_EXCERPTED RECORDS_
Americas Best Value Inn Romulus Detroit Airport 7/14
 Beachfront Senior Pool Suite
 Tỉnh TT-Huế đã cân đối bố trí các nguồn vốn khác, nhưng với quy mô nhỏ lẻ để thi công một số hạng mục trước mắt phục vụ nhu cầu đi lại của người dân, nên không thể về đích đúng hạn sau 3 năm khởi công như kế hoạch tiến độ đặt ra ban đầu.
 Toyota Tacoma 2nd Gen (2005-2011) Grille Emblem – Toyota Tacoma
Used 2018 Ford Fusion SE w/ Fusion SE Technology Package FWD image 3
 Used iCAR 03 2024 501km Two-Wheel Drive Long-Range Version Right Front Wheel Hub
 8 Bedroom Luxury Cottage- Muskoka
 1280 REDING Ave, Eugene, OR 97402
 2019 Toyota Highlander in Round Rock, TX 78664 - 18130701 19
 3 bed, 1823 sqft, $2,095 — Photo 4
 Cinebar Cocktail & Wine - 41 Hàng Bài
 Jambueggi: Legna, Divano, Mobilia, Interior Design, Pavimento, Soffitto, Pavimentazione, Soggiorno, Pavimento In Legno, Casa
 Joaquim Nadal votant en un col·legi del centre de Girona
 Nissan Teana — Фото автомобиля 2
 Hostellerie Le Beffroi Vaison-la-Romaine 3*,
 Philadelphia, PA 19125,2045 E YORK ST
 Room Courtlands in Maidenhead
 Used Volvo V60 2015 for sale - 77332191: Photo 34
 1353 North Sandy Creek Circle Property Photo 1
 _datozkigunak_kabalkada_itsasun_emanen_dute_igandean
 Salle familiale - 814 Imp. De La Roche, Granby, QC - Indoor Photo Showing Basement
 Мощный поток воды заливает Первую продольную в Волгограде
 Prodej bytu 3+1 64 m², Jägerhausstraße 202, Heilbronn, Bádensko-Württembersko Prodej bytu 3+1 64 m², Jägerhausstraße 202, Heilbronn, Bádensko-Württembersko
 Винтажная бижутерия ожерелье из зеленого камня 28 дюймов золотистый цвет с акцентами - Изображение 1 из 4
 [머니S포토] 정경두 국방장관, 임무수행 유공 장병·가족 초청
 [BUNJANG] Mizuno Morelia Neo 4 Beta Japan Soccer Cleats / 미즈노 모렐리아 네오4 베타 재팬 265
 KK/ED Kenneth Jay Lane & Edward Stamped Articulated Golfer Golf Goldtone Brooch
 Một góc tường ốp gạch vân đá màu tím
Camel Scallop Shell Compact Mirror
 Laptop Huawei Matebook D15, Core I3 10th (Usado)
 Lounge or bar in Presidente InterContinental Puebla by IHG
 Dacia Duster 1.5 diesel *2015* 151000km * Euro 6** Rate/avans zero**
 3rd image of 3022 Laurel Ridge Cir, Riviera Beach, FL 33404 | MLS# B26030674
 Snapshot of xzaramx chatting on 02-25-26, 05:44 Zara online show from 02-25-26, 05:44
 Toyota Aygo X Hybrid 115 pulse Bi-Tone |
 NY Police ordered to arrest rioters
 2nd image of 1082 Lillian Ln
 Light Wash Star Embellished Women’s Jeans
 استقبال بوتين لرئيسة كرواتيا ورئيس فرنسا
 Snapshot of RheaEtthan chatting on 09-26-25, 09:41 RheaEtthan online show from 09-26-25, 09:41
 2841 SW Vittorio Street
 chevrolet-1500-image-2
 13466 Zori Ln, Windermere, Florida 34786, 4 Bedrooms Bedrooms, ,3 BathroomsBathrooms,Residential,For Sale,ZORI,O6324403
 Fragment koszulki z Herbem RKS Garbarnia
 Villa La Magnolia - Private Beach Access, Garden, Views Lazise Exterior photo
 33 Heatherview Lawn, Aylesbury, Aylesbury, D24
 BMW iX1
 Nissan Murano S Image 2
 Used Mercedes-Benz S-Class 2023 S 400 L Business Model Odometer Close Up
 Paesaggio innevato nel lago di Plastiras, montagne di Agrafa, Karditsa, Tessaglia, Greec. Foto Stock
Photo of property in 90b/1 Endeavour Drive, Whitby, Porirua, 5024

_WHAT YOU NEED TO DO_
Word for word, restate the lines above.

_SOLUTION FOR THIS TASK_
Americas Best Value Inn Romulus Detroit Airport 7/14
 Beachfront Senior Pool Suite
 Tỉnh TT-Huế đã cân đối bố trí các nguồn vốn khác, nhưng với quy mô nhỏ lẻ để thi công một số hạng mục trước mắt phục vụ nhu cầu đi lại của người dân, nên không thể về đích đúng hạn sau 3 năm khởi công như kế hoạch tiến độ đặt ra ban đầu.
 Toyota Tacoma 2nd Gen (2005-2011) Grille Emblem – Toyota Tacoma
Used 2018 Ford Fusion SE w/ Fusion SE Technology Package FWD image 3
 Used iCAR 03 2024 501km Two-Wheel Drive Long-Range Version Right Front Wheel Hub
 8 Bedroom Luxury Cottage- Muskoka
 1280 REDING Ave, Eugene, OR 97402
 2019 Toyota Highlander in Round Rock, TX 78664 - 18130701 19
 3 bed, 1823 sqft, $2,095 — Photo 4
 Cinebar Cocktail & Wine - 41 Hàng Bài
 Jambueggi: Legna, Divano, Mobilia, Interior Design, Pavimento, Soffitto, Pavimentazione, Soggiorno, Pavimento In Legno, Casa
 Joaquim Nadal votant en un col·legi del centre de Girona
 Nissan Teana — Фото автомобиля 2
 Hostellerie Le Beffroi Vaison-la-Romaine 3*,
 Philadelphia, PA 19125,2045 E YORK ST
 Room Courtlands in Maidenhead
 Used Volvo V60 2015 for sale - 77332191: Photo 34
 1353 North Sandy Creek Circle Property Photo 1
 _datozkigunak_kabalkada_itsasun_emanen_dute_igandean
 Salle familiale - 814 Imp. De La Roche, Granby, QC - Indoor Photo Showing Basement
 Мощный поток воды заливает Первую продольную в Волгограде
 Prodej bytu 3+1 64 m², Jägerhausstraße 202, Heilbronn, Bádensko-Württembersko Prodej bytu 3+1 64 m², Jägerhausstraße 202, Heilbronn, Bádensko-Württembersko
 Винтажная бижутерия ожерелье из зеленого камня 28 дюймов золотистый цвет с акцентами - Изображение 1 из 4
 [머니S포토] 정경두 국방장관, 임무수행 유공 장병·가족 초청
 [BUNJANG] Mizuno Morelia Neo 4 Beta Japan Soccer Cleats / 미즈노 모렐리아 네오4 베타 재팬 265
 KK/ED Kenneth Jay Lane & Edward Stamped Articulated Golfer Golf Goldtone Brooch
 Một góc tường ốp gạch vân đá màu tím
Camel Scallop Shell Compact Mirror
 Laptop Huawei Matebook D15, Core I3 10th (Usado)
 Lounge or bar in Presidente InterContinental Puebla by IHG
 Dacia Duster 1.5 diesel *2015* 151000km * Euro 6** Rate/avans zero**
 3rd image of 3022 Laurel Ridge Cir, Riviera Beach, FL 33404 | MLS# B26030674
 Snapshot of xzaramx chatting on 02-25-26, 05:44 Zara online show from 02-25-26, 05:44
 Toyota Aygo X Hybrid 115 pulse Bi-Tone |
 NY Police ordered to arrest rioters
 2nd image of 1082 Lillian Ln
 Light Wash Star Embellished Women’s Jeans
 استقبال بوتين لرئيسة كرواتيا ورئيس فرنسا
 Snapshot of RheaEtthan chatting on 09-26-25, 09:41 RheaEtthan online show from 09-26-25, 09:41
 2841 SW Vittorio Street
 chevrolet-1500-image-2
 13466 Zori Ln, Windermere, Florida 34786, 4 Bedrooms Bedrooms, ,3 BathroomsBathrooms,Residential,For Sale,ZORI,O6324403
 Fragment koszulki z Herbem RKS Garbarnia
 Villa La Magnolia - Private Beach Access, Garden, Views Lazise Exterior photo
 33 Heatherview Lawn, Aylesbury, Aylesbury, D24
 BMW iX1
 Nissan Murano S Image 2
 Used Mercedes-Benz S-Class 2023 S 400 L Business Model Odometer Close Up
 Paesaggio innevato nel lago di Plastiras, montagne di Agrafa, Karditsa, Tessaglia, Greec. Foto Stock
Photo of property in 90b/1 Endeavour Drive, Whitby, Porirua, 5024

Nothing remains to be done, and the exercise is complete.